● Task description:
Print all records exactly, leaving nothing out.

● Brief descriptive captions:
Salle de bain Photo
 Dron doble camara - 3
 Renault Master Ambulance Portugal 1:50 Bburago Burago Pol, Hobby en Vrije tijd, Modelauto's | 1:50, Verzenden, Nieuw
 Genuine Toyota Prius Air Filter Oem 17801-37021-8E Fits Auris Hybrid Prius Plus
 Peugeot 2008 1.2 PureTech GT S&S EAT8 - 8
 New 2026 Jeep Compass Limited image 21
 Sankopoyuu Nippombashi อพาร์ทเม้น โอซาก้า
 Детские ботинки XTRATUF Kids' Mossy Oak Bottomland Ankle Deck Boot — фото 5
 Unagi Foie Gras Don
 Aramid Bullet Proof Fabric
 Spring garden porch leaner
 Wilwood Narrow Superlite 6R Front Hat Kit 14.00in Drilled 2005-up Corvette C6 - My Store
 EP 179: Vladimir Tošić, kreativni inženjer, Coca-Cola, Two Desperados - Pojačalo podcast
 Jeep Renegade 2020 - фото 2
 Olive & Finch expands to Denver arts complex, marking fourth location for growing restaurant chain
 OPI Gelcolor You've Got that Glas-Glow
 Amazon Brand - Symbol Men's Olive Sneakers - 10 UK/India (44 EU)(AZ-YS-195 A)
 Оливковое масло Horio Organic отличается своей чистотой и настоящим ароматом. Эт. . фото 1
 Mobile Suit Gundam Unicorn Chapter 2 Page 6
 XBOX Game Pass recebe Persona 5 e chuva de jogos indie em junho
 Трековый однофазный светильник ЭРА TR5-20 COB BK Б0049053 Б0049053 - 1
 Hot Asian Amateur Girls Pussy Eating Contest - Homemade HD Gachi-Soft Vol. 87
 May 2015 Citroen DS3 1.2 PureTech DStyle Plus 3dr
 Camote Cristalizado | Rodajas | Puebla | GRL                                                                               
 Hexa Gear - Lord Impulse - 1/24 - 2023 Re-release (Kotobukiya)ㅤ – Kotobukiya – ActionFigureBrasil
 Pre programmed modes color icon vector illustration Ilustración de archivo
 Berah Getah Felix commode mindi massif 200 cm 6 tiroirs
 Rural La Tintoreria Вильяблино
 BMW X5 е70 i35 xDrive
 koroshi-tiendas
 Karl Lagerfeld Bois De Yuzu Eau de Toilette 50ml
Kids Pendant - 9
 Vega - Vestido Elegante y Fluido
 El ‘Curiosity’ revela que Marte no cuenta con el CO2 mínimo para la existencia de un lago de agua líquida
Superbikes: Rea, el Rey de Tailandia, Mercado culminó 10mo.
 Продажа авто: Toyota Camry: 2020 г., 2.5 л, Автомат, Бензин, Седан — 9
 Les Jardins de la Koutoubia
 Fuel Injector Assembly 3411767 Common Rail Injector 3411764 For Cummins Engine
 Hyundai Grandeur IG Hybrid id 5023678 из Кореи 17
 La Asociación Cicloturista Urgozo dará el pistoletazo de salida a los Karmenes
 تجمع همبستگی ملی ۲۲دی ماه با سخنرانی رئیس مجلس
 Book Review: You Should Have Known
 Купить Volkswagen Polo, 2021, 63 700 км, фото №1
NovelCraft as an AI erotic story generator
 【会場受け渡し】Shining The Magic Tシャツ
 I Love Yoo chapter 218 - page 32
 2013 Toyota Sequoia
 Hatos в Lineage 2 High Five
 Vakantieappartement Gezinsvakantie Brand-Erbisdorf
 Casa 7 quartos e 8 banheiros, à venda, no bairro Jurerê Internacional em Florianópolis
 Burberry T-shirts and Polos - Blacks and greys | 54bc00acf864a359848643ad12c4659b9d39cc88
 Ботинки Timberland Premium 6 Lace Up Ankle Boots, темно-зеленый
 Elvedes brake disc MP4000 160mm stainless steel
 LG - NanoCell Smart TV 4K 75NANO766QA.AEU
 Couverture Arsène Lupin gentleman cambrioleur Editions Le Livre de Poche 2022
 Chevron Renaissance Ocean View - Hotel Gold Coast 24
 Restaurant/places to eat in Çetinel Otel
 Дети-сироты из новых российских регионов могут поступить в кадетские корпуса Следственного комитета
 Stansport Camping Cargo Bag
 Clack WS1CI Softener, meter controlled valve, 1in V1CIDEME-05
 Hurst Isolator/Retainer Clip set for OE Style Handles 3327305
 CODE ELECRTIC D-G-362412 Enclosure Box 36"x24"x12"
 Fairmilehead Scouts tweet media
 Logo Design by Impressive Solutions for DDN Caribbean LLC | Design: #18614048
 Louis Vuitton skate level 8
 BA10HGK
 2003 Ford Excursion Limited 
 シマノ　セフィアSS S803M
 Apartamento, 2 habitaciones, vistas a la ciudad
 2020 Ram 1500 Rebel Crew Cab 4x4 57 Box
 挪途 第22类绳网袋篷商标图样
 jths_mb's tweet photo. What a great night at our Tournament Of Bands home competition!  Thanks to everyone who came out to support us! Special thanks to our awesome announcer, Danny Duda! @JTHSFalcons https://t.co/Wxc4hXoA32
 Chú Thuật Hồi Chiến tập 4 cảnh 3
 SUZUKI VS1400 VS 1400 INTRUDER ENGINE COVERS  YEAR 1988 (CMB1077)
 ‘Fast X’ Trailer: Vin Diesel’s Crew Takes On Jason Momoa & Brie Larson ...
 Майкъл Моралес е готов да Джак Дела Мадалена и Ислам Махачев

● Exercise answer:
Salle de bain Photo
 Dron doble camara - 3
 Renault Master Ambulance Portugal 1:50 Bburago Burago Pol, Hobby en Vrije tijd, Modelauto's | 1:50, Verzenden, Nieuw
 Genuine Toyota Prius Air Filter Oem 17801-37021-8E Fits Auris Hybrid Prius Plus
 Peugeot 2008 1.2 PureTech GT S&S EAT8 - 8
 New 2026 Jeep Compass Limited image 21
 Sankopoyuu Nippombashi อพาร์ทเม้น โอซาก้า
 Детские ботинки XTRATUF Kids' Mossy Oak Bottomland Ankle Deck Boot — фото 5
 Unagi Foie Gras Don
 Aramid Bullet Proof Fabric
 Spring garden porch leaner
 Wilwood Narrow Superlite 6R Front Hat Kit 14.00in Drilled 2005-up Corvette C6 - My Store
 EP 179: Vladimir Tošić, kreativni inženjer, Coca-Cola, Two Desperados - Pojačalo podcast
 Jeep Renegade 2020 - фото 2
 Olive & Finch expands to Denver arts complex, marking fourth location for growing restaurant chain
 OPI Gelcolor You've Got that Glas-Glow
 Amazon Brand - Symbol Men's Olive Sneakers - 10 UK/India (44 EU)(AZ-YS-195 A)
 Оливковое масло Horio Organic отличается своей чистотой и настоящим ароматом. Эт. . фото 1
 Mobile Suit Gundam Unicorn Chapter 2 Page 6
 XBOX Game Pass recebe Persona 5 e chuva de jogos indie em junho
 Трековый однофазный светильник ЭРА TR5-20 COB BK Б0049053 Б0049053 - 1
 Hot Asian Amateur Girls Pussy Eating Contest - Homemade HD Gachi-Soft Vol. 87
 May 2015 Citroen DS3 1.2 PureTech DStyle Plus 3dr
 Camote Cristalizado | Rodajas | Puebla | GRL                                                                               
 Hexa Gear - Lord Impulse - 1/24 - 2023 Re-release (Kotobukiya)ㅤ – Kotobukiya – ActionFigureBrasil
 Pre programmed modes color icon vector illustration Ilustración de archivo
 Berah Getah Felix commode mindi massif 200 cm 6 tiroirs
 Rural La Tintoreria Вильяблино
 BMW X5 е70 i35 xDrive
 koroshi-tiendas
 Karl Lagerfeld Bois De Yuzu Eau de Toilette 50ml
Kids Pendant - 9
 Vega - Vestido Elegante y Fluido
 El ‘Curiosity’ revela que Marte no cuenta con el CO2 mínimo para la existencia de un lago de agua líquida
Superbikes: Rea, el Rey de Tailandia, Mercado culminó 10mo.
 Продажа авто: Toyota Camry: 2020 г., 2.5 л, Автомат, Бензин, Седан — 9
 Les Jardins de la Koutoubia
 Fuel Injector Assembly 3411767 Common Rail Injector 3411764 For Cummins Engine
 Hyundai Grandeur IG Hybrid id 5023678 из Кореи 17
 La Asociación Cicloturista Urgozo dará el pistoletazo de salida a los Karmenes
 تجمع همبستگی ملی ۲۲دی ماه با سخنرانی رئیس مجلس
 Book Review: You Should Have Known
 Купить Volkswagen Polo, 2021, 63 700 км, фото №1
NovelCraft as an AI erotic story generator
 【会場受け渡し】Shining The Magic Tシャツ
 I Love Yoo chapter 218 - page 32
 2013 Toyota Sequoia
 Hatos в Lineage 2 High Five
 Vakantieappartement Gezinsvakantie Brand-Erbisdorf
 Casa 7 quartos e 8 banheiros, à venda, no bairro Jurerê Internacional em Florianópolis
 Burberry T-shirts and Polos - Blacks and greys | 54bc00acf864a359848643ad12c4659b9d39cc88
 Ботинки Timberland Premium 6 Lace Up Ankle Boots, темно-зеленый
 Elvedes brake disc MP4000 160mm stainless steel
 LG - NanoCell Smart TV 4K 75NANO766QA.AEU
 Couverture Arsène Lupin gentleman cambrioleur Editions Le Livre de Poche 2022
 Chevron Renaissance Ocean View - Hotel Gold Coast 24
 Restaurant/places to eat in Çetinel Otel
 Дети-сироты из новых российских регионов могут поступить в кадетские корпуса Следственного комитета
 Stansport Camping Cargo Bag
 Clack WS1CI Softener, meter controlled valve, 1in V1CIDEME-05
 Hurst Isolator/Retainer Clip set for OE Style Handles 3327305
 CODE ELECRTIC D-G-362412 Enclosure Box 36"x24"x12"
 Fairmilehead Scouts tweet media
 Logo Design by Impressive Solutions for DDN Caribbean LLC | Design: #18614048
 Louis Vuitton skate level 8
 BA10HGK
 2003 Ford Excursion Limited 
 シマノ　セフィアSS S803M
 Apartamento, 2 habitaciones, vistas a la ciudad
 2020 Ram 1500 Rebel Crew Cab 4x4 57 Box
 挪途 第22类绳网袋篷商标图样
 jths_mb's tweet photo. What a great night at our Tournament Of Bands home competition!  Thanks to everyone who came out to support us! Special thanks to our awesome announcer, Danny Duda! @JTHSFalcons https://t.co/Wxc4hXoA32
 Chú Thuật Hồi Chiến tập 4 cảnh 3
 SUZUKI VS1400 VS 1400 INTRUDER ENGINE COVERS  YEAR 1988 (CMB1077)
 ‘Fast X’ Trailer: Vin Diesel’s Crew Takes On Jason Momoa & Brie Larson ...
 Майкъл Моралес е готов да Джак Дела Мадалена и Ислам Махачев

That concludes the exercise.